Occurrence, Probably inactive

Commodities and mineralogy

Main commodities Cr; Ni
Other commodities Pd; Pt
Gangue minerals quartz

Geographic location

Quadrangle map, 1:250,000-scale MH
Quadrangle map, 1:63,360-scale B-5
Latitude 63.3048
Longitude -146.4349
Nearby scientific data Find additional scientific data near this location
Location and accuracy This occurrence is at an elevation of about 5,000 feet in a south-flowing tributary of the East Fork Maclaren River about 2 miles west of the toe of Eureka Glacier.
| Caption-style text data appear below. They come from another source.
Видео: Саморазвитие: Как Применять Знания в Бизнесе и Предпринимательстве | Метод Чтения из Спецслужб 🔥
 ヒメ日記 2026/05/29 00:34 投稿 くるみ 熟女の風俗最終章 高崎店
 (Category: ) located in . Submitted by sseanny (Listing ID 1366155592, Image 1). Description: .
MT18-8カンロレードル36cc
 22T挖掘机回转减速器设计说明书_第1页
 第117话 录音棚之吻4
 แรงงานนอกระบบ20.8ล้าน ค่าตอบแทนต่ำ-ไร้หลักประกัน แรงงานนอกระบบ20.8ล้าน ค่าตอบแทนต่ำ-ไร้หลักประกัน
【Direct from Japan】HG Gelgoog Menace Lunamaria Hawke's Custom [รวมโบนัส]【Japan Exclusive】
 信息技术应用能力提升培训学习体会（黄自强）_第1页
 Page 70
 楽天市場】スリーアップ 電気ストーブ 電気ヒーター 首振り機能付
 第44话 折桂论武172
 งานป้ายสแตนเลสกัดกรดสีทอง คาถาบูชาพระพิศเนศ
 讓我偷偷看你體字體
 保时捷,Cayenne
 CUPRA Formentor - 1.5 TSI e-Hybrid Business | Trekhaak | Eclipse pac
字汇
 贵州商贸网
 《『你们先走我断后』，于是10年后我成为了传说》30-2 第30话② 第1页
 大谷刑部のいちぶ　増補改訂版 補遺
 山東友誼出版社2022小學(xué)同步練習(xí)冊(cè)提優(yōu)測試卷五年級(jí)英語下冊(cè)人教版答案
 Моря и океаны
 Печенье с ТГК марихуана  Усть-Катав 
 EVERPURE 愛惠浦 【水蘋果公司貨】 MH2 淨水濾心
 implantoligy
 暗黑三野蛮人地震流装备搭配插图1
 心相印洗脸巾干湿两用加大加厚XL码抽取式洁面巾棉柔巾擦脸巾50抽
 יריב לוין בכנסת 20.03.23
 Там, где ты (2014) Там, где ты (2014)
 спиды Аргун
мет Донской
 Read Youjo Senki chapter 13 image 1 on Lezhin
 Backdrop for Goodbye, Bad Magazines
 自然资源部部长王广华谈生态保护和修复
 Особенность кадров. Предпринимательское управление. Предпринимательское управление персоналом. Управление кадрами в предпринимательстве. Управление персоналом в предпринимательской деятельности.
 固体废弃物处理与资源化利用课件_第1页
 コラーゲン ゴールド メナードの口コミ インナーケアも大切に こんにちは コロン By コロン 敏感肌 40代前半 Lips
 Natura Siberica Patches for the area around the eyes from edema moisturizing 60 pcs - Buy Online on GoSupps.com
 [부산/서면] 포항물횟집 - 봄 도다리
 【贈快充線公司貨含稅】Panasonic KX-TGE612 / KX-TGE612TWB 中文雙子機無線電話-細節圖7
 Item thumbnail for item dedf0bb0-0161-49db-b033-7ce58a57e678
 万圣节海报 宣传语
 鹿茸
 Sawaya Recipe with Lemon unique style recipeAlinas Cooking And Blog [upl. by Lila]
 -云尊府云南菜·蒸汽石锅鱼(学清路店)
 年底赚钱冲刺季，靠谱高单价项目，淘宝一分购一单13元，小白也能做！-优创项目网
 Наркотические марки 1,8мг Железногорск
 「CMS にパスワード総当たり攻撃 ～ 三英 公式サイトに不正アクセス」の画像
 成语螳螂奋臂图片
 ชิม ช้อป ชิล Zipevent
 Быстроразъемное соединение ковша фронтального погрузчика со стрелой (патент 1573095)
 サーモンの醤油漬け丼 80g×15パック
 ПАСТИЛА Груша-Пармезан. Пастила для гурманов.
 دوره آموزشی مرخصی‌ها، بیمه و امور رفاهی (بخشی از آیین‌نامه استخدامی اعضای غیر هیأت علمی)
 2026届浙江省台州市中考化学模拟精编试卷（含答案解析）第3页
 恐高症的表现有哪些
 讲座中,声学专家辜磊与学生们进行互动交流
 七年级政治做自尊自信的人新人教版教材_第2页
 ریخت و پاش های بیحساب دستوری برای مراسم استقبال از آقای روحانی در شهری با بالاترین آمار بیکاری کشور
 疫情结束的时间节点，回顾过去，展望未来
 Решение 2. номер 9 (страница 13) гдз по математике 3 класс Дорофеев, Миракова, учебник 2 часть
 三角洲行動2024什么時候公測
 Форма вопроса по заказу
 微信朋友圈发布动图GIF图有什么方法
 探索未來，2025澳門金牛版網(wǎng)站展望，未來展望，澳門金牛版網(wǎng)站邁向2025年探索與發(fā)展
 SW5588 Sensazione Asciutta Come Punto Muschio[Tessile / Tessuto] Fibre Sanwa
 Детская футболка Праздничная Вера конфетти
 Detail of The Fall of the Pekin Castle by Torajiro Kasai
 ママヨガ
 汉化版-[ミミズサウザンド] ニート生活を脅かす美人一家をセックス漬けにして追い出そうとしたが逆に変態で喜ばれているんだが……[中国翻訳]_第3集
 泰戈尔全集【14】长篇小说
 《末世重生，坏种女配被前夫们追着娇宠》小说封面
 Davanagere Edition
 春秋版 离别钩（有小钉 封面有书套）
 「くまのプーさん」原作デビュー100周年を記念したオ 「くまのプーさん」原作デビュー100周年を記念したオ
The occurrence is at the southeast corner of section 32 T. 18 S. R. 7 E. Fairbanks Meridian, and corresponds to locality A8 of Kurtak and others (1992).

Geologic setting

Geologic description

This occurrence is approximately on a major east-west fault that separates granitic rocks of Jurassic or Cretaceous age (on the north) from Paleozoic metasedimentary rocks or Nikolai Greenstone of Late Triassic age (Nokleberg and others, 1991). A steep northwest cross fault was mapped at about this locality by Rose (1966 [ADMM GR 20, figure 3). Rose also mapped lenticular masses of dunite and gabbro farther north, within dioritic rocks of the granitic complex.
The U.S. Bureau of Mines traversed along the gulch that exposes the occurrence between about 4,500 and 5,500 feet elevation and found inclusions or dikes of serpentinized dunite in a granitic host that they called quartz monzonite (Kurtak and others, 1992, locality A 8). The serpentinized dunite contained 0.21 to 0.24 percent nickel and 0.13 to 0.15 percent chromium. The mineral host(s) of the nickel and chromium is unknown. Silicified quartz monzonite in a fault zone contained 12 parts per billion palladium and 5 parts per million platinum. Platinum and palladium were also detected in creek gravel and dunite float (Kurtak and others, 1992, table A8).
Geologic map unit (-146.437165989662, 63.3043730559138)
Mineral deposit model Ultramafic related.
Age of mineralization Mesozoic (?), possibly the age of the ultramafic host rocks.
Alteration of deposit Silicification of quartz monzonite; serpentinization of dunite (Kurtak and others, 1992).

Production and reserves

Workings or exploration
U.S. Bureau of Mines geologists traversed the deep gulch that crosses the intrusive rock-metasedimentary rock contact (Kurtak and others, 1992). Their samples of serpentinized dunite contained as much as 0.24 percent nickel and 0.15 percent chromium; an altered quartz monzonite contained 12 parts per billion palladium.
The occurrence is on active MAN Resources claims (W.T. Ellis, written communication, 2001).